*Problem to solve*:
All lines from the one containing "Sideview of Machine" down to the one containing "Boys Scary Clown", both ends included, are to be given again exactly; omit the rest of the listing below.

*Dataset excerpts*:
*** Block opens ***
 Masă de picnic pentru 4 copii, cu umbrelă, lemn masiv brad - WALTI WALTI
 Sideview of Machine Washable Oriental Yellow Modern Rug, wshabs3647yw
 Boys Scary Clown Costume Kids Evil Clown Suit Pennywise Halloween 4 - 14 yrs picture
*** Block closes ***
*** Block opens ***
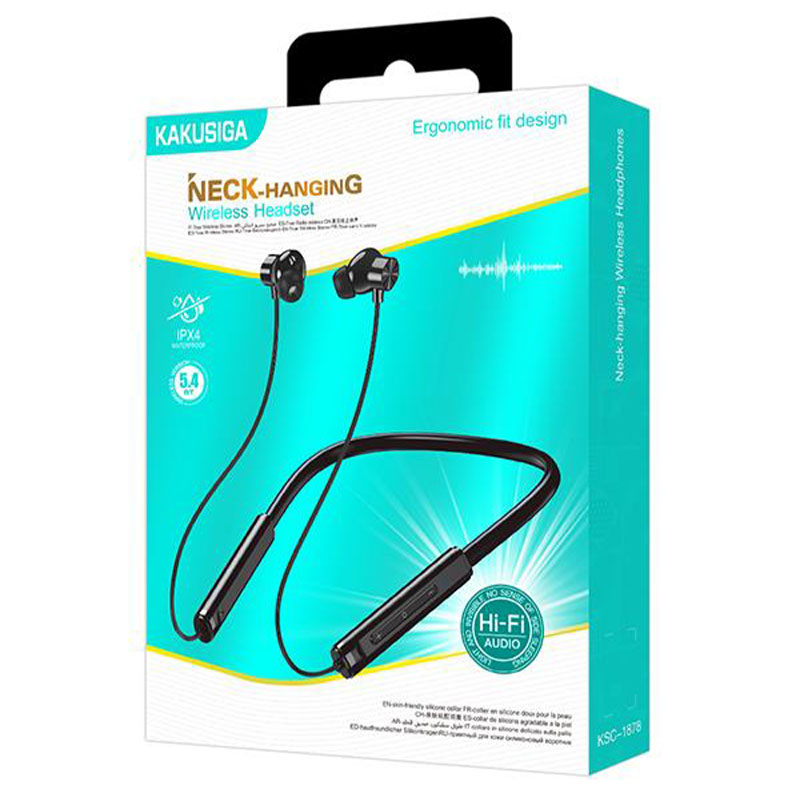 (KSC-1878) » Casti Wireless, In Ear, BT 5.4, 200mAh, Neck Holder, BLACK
*** Block closes ***
*Response to the task*:
 Sideview of Machine Washable Oriental Yellow Modern Rug, wshabs3647yw
 Boys Scary Clown Costume Kids Evil Clown Suit Pennywise Halloween 4 - 14 yrs picture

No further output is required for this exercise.